WHAT YOU HAVE TO DO
Since only part of the material below is wanted, output exactly the lines from the one with "Banana Builder Pro Tool" up to and including the one with "Monitor Dell E2425HM".

* * *

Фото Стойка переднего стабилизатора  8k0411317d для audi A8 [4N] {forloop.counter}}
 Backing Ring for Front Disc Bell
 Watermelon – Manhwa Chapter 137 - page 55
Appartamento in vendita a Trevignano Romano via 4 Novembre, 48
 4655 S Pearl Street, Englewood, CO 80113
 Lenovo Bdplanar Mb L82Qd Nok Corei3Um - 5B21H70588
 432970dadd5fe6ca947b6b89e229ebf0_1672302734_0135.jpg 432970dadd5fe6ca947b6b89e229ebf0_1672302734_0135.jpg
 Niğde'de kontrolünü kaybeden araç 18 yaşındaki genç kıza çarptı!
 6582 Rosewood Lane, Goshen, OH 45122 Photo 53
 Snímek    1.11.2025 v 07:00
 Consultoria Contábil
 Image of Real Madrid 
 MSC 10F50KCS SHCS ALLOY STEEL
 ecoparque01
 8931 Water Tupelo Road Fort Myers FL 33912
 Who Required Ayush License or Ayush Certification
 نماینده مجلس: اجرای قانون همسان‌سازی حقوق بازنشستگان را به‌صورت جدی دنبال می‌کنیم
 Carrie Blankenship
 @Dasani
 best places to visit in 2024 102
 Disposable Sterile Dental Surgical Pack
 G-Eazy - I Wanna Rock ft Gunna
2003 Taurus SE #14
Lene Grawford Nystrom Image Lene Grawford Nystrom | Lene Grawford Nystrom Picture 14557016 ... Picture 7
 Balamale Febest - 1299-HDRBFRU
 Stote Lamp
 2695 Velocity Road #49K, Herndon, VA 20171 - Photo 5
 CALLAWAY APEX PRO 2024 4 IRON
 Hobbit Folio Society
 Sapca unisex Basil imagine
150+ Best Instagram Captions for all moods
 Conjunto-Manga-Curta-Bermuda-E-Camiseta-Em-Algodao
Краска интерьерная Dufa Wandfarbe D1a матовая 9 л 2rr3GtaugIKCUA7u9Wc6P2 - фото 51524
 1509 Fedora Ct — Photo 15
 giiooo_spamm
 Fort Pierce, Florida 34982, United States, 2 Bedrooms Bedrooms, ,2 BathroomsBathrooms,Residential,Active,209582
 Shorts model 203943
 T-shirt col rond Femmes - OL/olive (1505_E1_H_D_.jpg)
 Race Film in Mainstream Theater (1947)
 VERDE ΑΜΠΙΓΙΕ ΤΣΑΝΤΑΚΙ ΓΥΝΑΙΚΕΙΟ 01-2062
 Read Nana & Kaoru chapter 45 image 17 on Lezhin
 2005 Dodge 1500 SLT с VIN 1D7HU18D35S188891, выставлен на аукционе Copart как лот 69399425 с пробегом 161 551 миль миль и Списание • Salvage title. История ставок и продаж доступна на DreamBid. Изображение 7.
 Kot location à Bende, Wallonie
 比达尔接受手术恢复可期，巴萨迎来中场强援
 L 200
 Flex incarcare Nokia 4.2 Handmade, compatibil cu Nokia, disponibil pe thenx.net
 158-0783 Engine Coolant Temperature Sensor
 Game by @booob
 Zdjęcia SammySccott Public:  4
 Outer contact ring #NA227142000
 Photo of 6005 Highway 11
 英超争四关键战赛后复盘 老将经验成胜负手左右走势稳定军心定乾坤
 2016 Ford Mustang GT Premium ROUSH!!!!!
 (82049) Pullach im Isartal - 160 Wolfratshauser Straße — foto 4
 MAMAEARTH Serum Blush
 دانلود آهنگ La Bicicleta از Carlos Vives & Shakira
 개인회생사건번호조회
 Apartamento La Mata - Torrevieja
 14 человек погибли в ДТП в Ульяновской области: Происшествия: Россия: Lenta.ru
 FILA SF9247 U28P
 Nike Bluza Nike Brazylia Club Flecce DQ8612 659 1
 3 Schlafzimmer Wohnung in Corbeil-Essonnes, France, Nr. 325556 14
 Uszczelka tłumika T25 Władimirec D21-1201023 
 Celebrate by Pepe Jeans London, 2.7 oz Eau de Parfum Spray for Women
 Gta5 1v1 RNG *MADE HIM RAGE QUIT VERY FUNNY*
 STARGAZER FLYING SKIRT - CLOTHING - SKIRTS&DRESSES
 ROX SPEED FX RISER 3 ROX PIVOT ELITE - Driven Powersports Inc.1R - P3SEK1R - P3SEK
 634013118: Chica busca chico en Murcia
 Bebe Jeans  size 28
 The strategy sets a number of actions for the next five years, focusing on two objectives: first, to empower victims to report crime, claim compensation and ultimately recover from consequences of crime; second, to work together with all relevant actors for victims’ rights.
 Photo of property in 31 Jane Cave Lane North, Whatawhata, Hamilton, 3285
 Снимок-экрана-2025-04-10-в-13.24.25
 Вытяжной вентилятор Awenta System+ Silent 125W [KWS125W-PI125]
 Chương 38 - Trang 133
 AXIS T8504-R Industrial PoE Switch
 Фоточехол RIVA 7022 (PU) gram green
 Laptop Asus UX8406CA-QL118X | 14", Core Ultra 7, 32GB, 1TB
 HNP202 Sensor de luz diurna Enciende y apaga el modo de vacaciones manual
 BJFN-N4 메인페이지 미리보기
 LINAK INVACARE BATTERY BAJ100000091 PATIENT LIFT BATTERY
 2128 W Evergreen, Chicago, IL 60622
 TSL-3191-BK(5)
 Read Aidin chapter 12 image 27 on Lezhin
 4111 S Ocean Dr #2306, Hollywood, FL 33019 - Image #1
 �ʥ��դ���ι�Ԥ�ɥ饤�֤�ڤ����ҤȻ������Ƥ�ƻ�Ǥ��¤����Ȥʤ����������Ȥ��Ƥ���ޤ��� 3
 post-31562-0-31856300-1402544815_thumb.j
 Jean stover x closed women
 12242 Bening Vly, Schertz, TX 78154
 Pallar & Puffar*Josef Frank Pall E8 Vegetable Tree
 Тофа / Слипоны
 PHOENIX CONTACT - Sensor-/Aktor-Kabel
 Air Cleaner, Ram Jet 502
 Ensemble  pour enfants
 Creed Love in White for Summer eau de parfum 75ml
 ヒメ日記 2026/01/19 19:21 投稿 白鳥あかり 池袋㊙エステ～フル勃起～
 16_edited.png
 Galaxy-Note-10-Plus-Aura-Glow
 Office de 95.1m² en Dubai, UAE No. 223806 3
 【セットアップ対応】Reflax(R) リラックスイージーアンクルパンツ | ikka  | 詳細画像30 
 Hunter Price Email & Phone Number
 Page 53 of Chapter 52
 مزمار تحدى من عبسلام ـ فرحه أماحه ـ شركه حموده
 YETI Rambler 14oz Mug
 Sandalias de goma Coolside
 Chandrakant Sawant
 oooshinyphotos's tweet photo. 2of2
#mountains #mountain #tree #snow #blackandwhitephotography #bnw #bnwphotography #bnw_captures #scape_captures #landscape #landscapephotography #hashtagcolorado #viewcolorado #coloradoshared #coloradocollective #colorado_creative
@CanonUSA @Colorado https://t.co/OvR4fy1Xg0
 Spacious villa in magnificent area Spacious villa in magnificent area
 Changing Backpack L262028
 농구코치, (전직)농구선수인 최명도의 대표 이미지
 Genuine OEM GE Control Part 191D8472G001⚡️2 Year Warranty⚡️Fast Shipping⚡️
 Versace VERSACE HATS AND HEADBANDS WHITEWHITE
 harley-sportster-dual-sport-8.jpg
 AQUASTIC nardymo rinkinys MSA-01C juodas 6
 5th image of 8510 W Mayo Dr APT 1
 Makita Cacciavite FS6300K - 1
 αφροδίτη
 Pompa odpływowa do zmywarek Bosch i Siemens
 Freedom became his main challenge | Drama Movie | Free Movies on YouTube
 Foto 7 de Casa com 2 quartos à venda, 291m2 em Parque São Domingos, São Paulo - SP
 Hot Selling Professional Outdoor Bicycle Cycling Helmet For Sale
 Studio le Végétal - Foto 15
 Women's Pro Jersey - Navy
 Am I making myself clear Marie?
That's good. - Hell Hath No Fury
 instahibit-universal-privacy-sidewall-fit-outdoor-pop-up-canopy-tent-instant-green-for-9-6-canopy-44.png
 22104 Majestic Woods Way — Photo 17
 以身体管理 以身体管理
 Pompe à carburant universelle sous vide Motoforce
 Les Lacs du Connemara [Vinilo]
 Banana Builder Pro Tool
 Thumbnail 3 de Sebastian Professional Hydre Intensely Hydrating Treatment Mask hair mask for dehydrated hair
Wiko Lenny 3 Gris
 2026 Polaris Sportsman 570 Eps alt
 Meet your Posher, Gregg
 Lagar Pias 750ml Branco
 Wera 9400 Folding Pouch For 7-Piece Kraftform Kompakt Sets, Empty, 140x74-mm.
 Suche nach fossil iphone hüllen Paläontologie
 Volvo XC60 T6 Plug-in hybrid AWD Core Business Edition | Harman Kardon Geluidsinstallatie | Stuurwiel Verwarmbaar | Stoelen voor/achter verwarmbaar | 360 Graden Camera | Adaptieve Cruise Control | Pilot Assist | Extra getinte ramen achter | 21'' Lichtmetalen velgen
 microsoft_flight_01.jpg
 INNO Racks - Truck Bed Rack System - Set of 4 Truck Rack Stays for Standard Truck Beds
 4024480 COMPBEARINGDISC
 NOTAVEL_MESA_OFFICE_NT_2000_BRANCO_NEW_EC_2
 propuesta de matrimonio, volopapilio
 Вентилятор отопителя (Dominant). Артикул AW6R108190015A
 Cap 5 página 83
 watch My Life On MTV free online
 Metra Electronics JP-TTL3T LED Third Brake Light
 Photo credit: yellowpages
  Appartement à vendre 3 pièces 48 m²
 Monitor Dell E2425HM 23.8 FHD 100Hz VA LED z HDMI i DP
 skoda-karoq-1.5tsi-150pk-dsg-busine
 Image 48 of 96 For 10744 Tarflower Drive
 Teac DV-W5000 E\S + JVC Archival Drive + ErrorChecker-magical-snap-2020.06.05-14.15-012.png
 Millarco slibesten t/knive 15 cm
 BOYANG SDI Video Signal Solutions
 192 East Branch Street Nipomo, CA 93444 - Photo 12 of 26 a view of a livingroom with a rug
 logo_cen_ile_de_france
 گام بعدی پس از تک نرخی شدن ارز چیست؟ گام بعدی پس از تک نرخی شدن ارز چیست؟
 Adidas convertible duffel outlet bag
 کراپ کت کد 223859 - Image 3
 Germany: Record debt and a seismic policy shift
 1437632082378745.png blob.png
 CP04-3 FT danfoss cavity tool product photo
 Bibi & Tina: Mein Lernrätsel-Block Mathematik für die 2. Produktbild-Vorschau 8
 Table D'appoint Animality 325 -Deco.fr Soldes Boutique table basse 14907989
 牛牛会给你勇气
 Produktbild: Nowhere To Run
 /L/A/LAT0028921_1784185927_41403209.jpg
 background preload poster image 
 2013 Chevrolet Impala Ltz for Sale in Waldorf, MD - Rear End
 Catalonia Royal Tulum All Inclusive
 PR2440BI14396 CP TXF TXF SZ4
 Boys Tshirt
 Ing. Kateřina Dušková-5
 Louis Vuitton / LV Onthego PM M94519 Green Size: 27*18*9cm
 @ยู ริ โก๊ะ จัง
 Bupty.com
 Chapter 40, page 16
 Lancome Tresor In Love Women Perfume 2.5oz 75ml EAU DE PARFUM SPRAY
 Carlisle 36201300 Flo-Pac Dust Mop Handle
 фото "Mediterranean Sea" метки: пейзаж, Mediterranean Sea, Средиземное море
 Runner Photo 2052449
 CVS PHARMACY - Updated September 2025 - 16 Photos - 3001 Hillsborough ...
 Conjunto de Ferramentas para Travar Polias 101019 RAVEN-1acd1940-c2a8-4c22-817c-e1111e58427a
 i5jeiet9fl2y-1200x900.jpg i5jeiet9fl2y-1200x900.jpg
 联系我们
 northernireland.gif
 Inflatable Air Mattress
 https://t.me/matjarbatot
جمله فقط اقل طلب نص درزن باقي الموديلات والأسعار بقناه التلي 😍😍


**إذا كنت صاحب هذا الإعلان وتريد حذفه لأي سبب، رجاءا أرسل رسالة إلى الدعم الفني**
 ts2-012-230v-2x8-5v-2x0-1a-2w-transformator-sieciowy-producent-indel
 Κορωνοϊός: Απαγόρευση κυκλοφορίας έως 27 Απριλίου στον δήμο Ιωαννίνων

* * *

EXERCISE ANSWER
 Banana Builder Pro Tool
 Thumbnail 3 de Sebastian Professional Hydre Intensely Hydrating Treatment Mask hair mask for dehydrated hair
Wiko Lenny 3 Gris
 2026 Polaris Sportsman 570 Eps alt
 Meet your Posher, Gregg
 Lagar Pias 750ml Branco
 Wera 9400 Folding Pouch For 7-Piece Kraftform Kompakt Sets, Empty, 140x74-mm.
 Suche nach fossil iphone hüllen Paläontologie
 Volvo XC60 T6 Plug-in hybrid AWD Core Business Edition | Harman Kardon Geluidsinstallatie | Stuurwiel Verwarmbaar | Stoelen voor/achter verwarmbaar | 360 Graden Camera | Adaptieve Cruise Control | Pilot Assist | Extra getinte ramen achter | 21'' Lichtmetalen velgen
 microsoft_flight_01.jpg
 INNO Racks - Truck Bed Rack System - Set of 4 Truck Rack Stays for Standard Truck Beds
 4024480 COMPBEARINGDISC
 NOTAVEL_MESA_OFFICE_NT_2000_BRANCO_NEW_EC_2
 propuesta de matrimonio, volopapilio
 Вентилятор отопителя (Dominant). Артикул AW6R108190015A
 Cap 5 página 83
 watch My Life On MTV free online
 Metra Electronics JP-TTL3T LED Third Brake Light
 Photo credit: yellowpages
  Appartement à vendre 3 pièces 48 m²
 Monitor Dell E2425HM 23.8 FHD 100Hz VA LED z HDMI i DP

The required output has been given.